(GOAL OF THE EXERCISE) The expected answer is the set of lines in the data below between the line holding "Vintage 50's Ivory" and the line holding "Ludmilla e a", inclusive, written out exactly.

(PROVIDED ENTRIES)

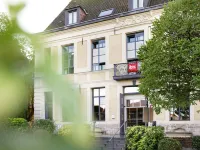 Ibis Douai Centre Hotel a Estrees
--
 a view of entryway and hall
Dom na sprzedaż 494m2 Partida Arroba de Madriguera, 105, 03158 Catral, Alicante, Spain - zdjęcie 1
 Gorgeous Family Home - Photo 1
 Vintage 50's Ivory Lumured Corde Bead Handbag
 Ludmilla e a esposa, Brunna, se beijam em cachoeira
--
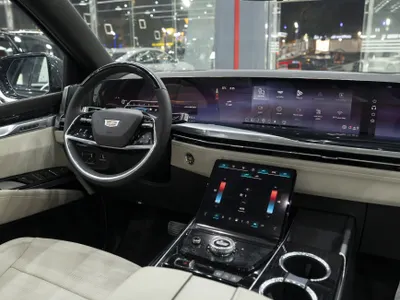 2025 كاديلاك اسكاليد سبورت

(SOLUTION BELOW)
 Vintage 50's Ivory Lumured Corde Bead Handbag
 Ludmilla e a esposa, Brunna, se beijam em cachoeira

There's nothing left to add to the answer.